* **Provided records**:
========================================

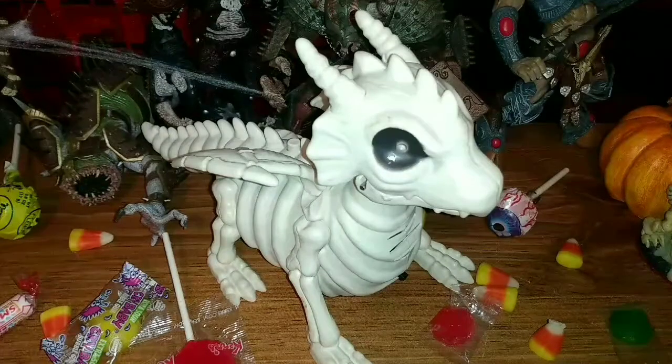Back again with some Halloween goodness. Our first ever Halloween review of the 2021 season. We got this skeleton dragon — and it's not just any skeleton dragon. This one is animatronic.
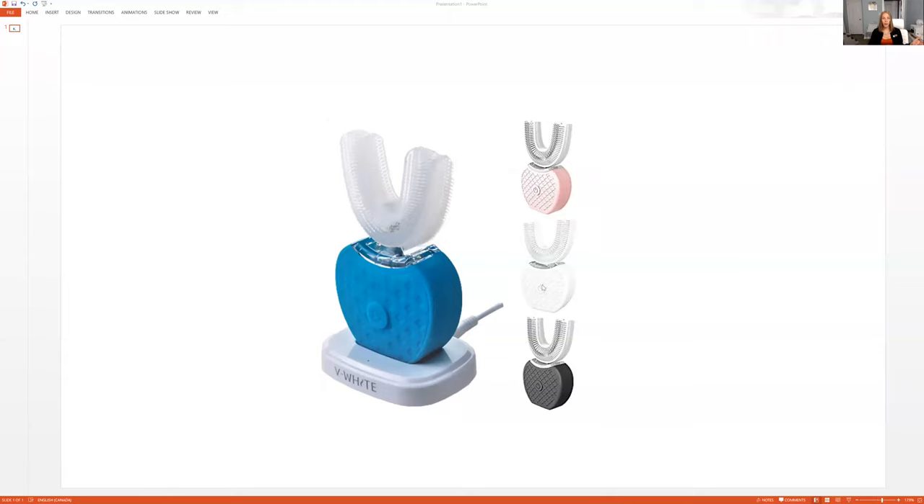Hello, everybody. Andrea here with Dental Elle. I want to talk to you guys and give you the honest review on those do-it-yourself vibrating sonic electric toothbrushes. I'm getting a lot of people asking me about them, including friends and family, wanting my opinion on the topic. Since I'm a dental hygienist, I talk about toothbrushing, flossing, all of this.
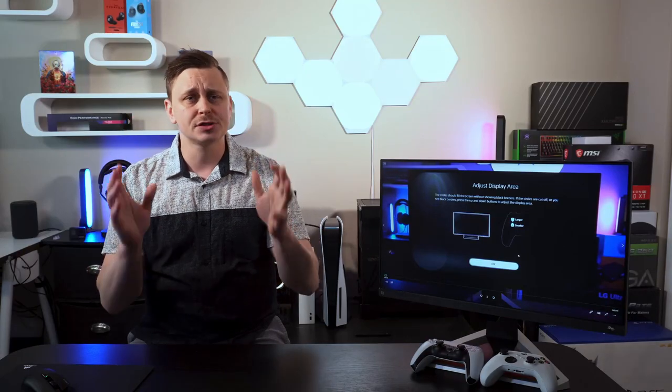We've got a lot to talk about today, so thanks for clicking on the video. You're probably out there searching for a fantastic monitor for your console, and you just happened to click on the right video for that solution.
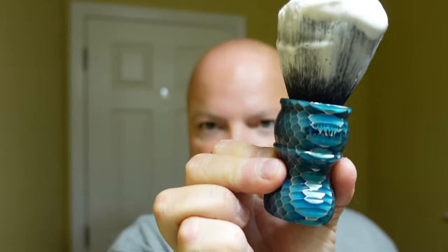Going to mist our face with plain water — no special elixirs. Then we'll mix our lather up a little bit because it's been setting while I've been talking. The brush for today is the West Coast Shaving Honeycomb. Remember that honeycomb cereal from the 70s or 80s — the honeycomb hideout commercial? Everybody was always going to the honeycomb hideout. Maybe they were looking for the Vector or the Hawk.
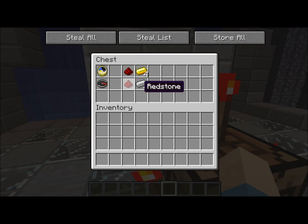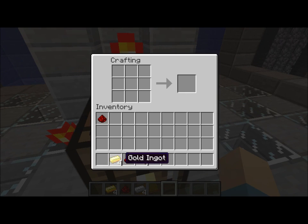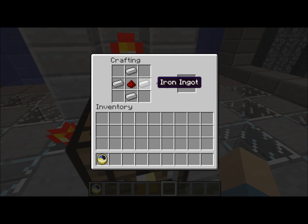Except, the compasses are made with iron instead of gold. So basically, you do it like this. And you put it around like that. You get a clock. You do the same thing with the compass, just like that.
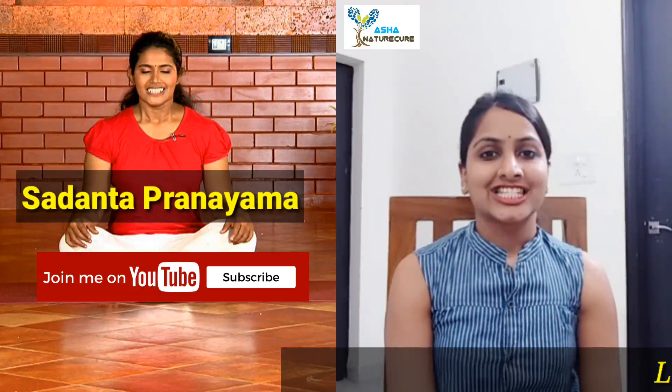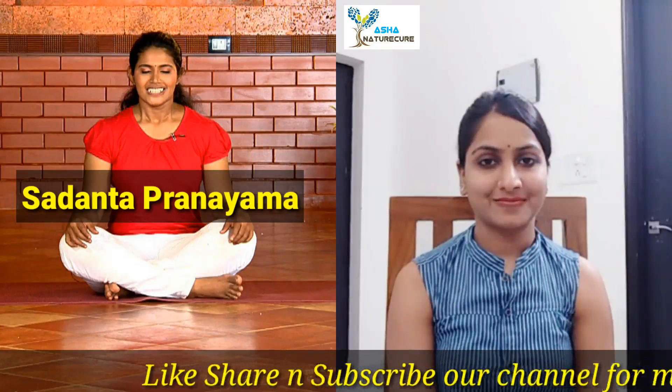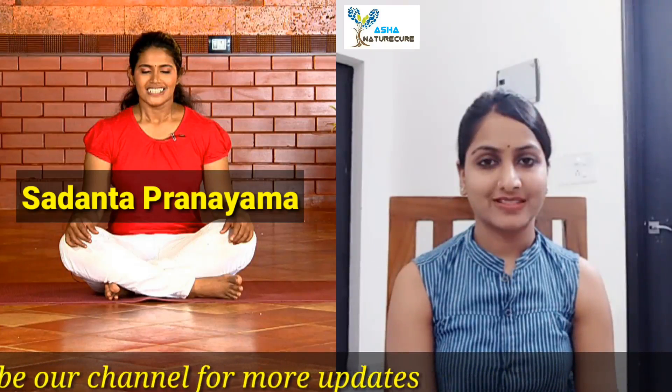Close the mouth. Exhale completely through the nostrils. The breath stops automatically. This completes one round of Sadanta.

========================================

* **Aim of the task**: Copy nothing but the lines from the top of the material through the line holding "Hello, everybody. Andrea", exactly as written; omit pictures.

* **Task answer**:
Back again with some Halloween goodness. Our first ever Halloween review of the 2021 season. We got this skeleton dragon — and it's not just any skeleton dragon. This one is animatronic.
Hello, everybody. Andrea here with Dental Elle. I want to talk to you guys and give you the honest review on those do-it-yourself vibrating sonic electric toothbrushes. I'm getting a lot of people asking me about them, including friends and family, wanting my opinion on the topic. Since I'm a dental hygienist, I talk about toothbrushing, flossing, all of this.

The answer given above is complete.